Re: Correctly serializing "Number" as state in ProcessFunction

2021-04-21 Thread Arvid Heise
Hi Miguel,

as Klemens said this is a rather general problem independent of Flink: How
do you map Polymorphism in serialization?

Flink doesn't have an answer on its own, as it's discouraged (A Number can
have arbitrary many subclasses: how do you distinguish them except by
classname? That adds a ton of overhead.). The easiest solution in your case
is to convert ints into double.
Or you use Kryo which dictionary encodes the classes and also limits the
possible subclasses.

On Tue, Apr 20, 2021 at 11:13 AM Klemens Muthmann <
klemens.muthm...@cyface.de> wrote:

> Hi,
>
> I guess this is more of a Java Problem than a Flink Problem.

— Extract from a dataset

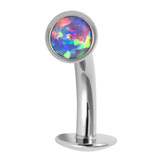 Titanium Threadless Floating Navel Bar - Titanium Bezel Set Opal Disk1.6mm - SKU 71778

If you want
> it quick and dirty you could implement a class such as:
>
> public class Value {
> private boolean isLongSet = false;
> private long longValue = 0L;
> private boolean isIntegerSet = false;
> private int intValue = 0;
>
>public Value(final long value) {
>setLong(value);
>}
>
> public void setLong(final long value) |
> longValue = value;
> isLongSet = true;
>}
>
>public long getLong() {
>if(isLongSet) {
>return longValue
>}
>}
>
>// Add same methods for int
>// to satisfy POJO requirements you will also need to add a no-argument
> constructor as well as getters and setters for the boolean flags
> }
>
> I guess a cleaner solution would be possible using a custom Kryo
> serializer as explained here:
> https://ci.apache.org/projects/flink/flink-docs-release-1.12/dev/custom_serializers.html
>
> Regards
>   Klemens
>
>
>
> > Am 20.04.2021 um 10:34 schrieb Miguel Araújo  >:
> >
> > Hi everyone,
> >
> > I have a ProcessFunction which needs to store different number types for
> different keys, e.g., some keys need to store an integer while others need
> to store a double.
> >
> > I tried to use java.lang.Number as the type for the ValueState, but I
> got the expected "No fields were detected for class java.lang.Number so it
> cannot be used as a POJO type and must be processed as GenericType."
> >
> > I have the feeling that this is not the right approach, but the exact
> type to be stored is only known at runtime which makes things a bit
> trickier. Is there a way to register these classes correctly, or Is it
> preferable to use different ValueState's for different types?
> >
> > Thanks,
> > Miguel
>
>


Re: Correctly serializing "Number" as state in ProcessFunction

2021-04-20 Thread Klemens Muthmann
Hi,

I guess this is more of a Java Problem than a Flink Problem. If you want it 
quick and dirty you could implement a class such as:

public class Value {
private boolean isLongSet = false;
private long longValue = 0L;
private boolean isIntegerSet = false;
private int intValue = 0;

   public Value(final long value) {
   setLong(value);
   }

public void setLong(final long value) |
longValue = value;
isLongSet = true;
   }

   public long getLong() {
   if(isLongSet) {
   return longValue
   }
   }

   // Add same methods for int
   // to satisfy POJO requirements you will also need to add a no-argument 
constructor as well as getters and setters for the boolean flags
}

I guess a cleaner solution would be possible using a custom Kryo serializer as 
explained here: 
https://ci.apache.org/projects/flink/flink-docs-release-1.12/dev/custom_serializers.html

Regards
  Klemens



> Am 20.04.2021 um 10:34 schrieb Miguel Araújo :
> 
> Hi everyone,
> 
> I have a ProcessFunction which needs to store different number types for 
> different keys, e.g., some keys need to store an integer while others need to 
> store a double.
> 
> I tried to use java.lang.Number as the type for the ValueState, but I got the 
> expected "No fields were detected for class java.lang.Number so it cannot be 
> used as a POJO type and must be processed as GenericType." 
> 
> I have the feeling that this is not the right approach, but the exact type to 
> be stored is only known at runtime which makes things a bit trickier. Is 
> there a way to register these classes correctly, or Is it preferable to use 
> different ValueState's for different types?
> 
> Thanks,
> Miguel



Correctly serializing "Number" as state in ProcessFunction

2021-04-20 Thread Miguel Araújo
Hi everyone,

I have a ProcessFunction which needs to store different number types for
different keys, e.g., some keys need to store an integer while others need
to store a double.

I tried to use java.lang.Number as the type for the ValueState, but I got
the expected "No fields were detected for class java.lang.Number so it
cannot be used as a POJO type and must be processed as GenericType."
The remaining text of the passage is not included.